Understanding the new health care law and what it means for you
Health care is sure to be a hot topic throughout 2013. With existing and upcoming effects from the Affordable Care Act, many Americans face changes when it comes to their health and their insurance plans. The law is confusing and the changes are complex. It’s important to understand how this law will affect your health care and what you personally need to do in the future.
“About 50 percent of the American population will have to make some type of choice in regard to their health plan coverage in the next year,” says Steven Zaleznick, lead of development at HealthPocket, an easy-to-use website offering unbiased health insurance options. “There are many important parts of the law, and some of those changes drastically affect how consumers purchase and use health insurance.”
Some important changes of the new health care law that directly affect consumers include:
1. No denial for pre-existing conditions
Previously, many of the people who needed insurance the most were denied coverage due to a pre-existing condition, which is a health condition that existed prior to applying for coverage. In 2014 all health insurance applications will be reviewed on a “guaranteed issue” basis where poor health or prior medical conditions cannot be used to deny an application.
2. Elimination of lifetime benefit limits
Insurance companies can no longer put lifetime caps on benefits. This is good news particularly for people with chronic diseases that require expensive ongoing treatment as well as those who have had a serious medical event such as a stroke that brought with it high medical costs during the time of treatment and rehabilitation.
3. Subsidies for qualifying families
Starting next year, tax credits will be issued to help make health insurance more affordable. If your income is up to 400 percent of the poverty line and affordable insurance is not available to you, such as through your employer, you will receive credits. For reference, the 2012 poverty guidelines for one person is $11,170 in the 48 contiguous states, according to the U.S. Department of Health and Human Services. People at or slightly above the poverty line will qualify for Medicaid coverage.
4. Penalties for the uninsured
Under the new law, everyone must carry health insurance by Jan. 1, 2014 or pay a penalty. Employers of 50 or more people are required to provide health insurance to employees or pay a fee that roughly amounts to $2,000 for every employee beyond 30 employees.
“Whether you are self-employed, unemployed, work at a small company that doesn’t offer insurance, or are a senior who needs to make an annual Medicare choice, there are options available that meet your specific needs,” says Zaleznick. “Because the changes are bringing new opportunities and challenges to consumers, it’s a perfect time to stay informed about how you can make good choices.”

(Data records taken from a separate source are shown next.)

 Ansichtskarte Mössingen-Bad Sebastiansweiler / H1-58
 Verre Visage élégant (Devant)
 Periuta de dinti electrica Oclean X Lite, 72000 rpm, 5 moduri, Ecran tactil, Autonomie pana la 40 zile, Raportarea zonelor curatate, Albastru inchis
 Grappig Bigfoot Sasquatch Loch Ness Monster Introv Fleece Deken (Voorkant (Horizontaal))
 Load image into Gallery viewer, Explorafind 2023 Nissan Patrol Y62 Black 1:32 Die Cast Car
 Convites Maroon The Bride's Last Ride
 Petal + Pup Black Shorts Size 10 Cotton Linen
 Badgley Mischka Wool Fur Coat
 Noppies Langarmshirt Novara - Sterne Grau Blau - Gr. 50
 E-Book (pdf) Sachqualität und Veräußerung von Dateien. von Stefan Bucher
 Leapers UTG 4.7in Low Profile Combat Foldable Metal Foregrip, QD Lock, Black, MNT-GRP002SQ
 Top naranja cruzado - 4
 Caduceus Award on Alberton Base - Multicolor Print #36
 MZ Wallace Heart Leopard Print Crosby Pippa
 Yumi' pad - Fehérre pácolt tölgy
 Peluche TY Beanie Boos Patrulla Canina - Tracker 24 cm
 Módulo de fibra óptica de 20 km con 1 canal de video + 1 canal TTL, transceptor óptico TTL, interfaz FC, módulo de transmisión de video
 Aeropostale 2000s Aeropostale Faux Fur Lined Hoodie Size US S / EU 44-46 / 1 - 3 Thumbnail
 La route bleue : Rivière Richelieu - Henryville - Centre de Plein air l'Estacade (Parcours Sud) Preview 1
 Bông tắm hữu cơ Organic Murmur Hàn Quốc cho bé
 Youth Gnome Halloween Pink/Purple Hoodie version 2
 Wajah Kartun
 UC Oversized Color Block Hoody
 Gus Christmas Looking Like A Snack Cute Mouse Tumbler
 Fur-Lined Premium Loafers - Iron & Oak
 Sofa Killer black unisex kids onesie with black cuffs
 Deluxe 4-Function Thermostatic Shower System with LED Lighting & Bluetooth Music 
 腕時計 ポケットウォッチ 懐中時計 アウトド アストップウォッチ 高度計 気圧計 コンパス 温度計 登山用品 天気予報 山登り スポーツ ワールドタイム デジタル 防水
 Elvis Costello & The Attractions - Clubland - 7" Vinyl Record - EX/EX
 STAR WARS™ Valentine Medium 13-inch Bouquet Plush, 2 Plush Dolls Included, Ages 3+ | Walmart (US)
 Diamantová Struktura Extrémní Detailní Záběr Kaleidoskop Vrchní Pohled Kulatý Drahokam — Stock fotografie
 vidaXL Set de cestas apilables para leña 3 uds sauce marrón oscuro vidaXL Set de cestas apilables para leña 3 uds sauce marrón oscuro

Health insurance provides peace of mind and can cover preventative care as well as major health concerns. It helps you avoid the high costs of treating a serious condition, which for some has even resulted in bankruptcy. Researching and getting health insurance now ensures you make the best decision you can for 2013 and prepares you for the changes to come in 2014.
Websites like www.HealthPocket.com make the seemingly complex task of finding health insurance simple. This free service allows users to enter their basic information and search health insurance options available in their area. All you need is your Zip code, no name or contact information, to start searching. It takes just minutes and you can easily sort by different plan features such as vision or maternity coverage.
The advantage of using an unbiased site like www.HealthPocket.com that is not affiliated with any insurance or drug company is you get to search through many different options that are independently ranked so you can find the best coverage for your budget and health situation. The site will continuously be updated with new information and options as the law’s changes continue to go into effect.
Making your health a priority is always important, and with the current and upcoming changes to our nation’s law, now is an important time to learn about your options to help ensure you live a long, healthy life.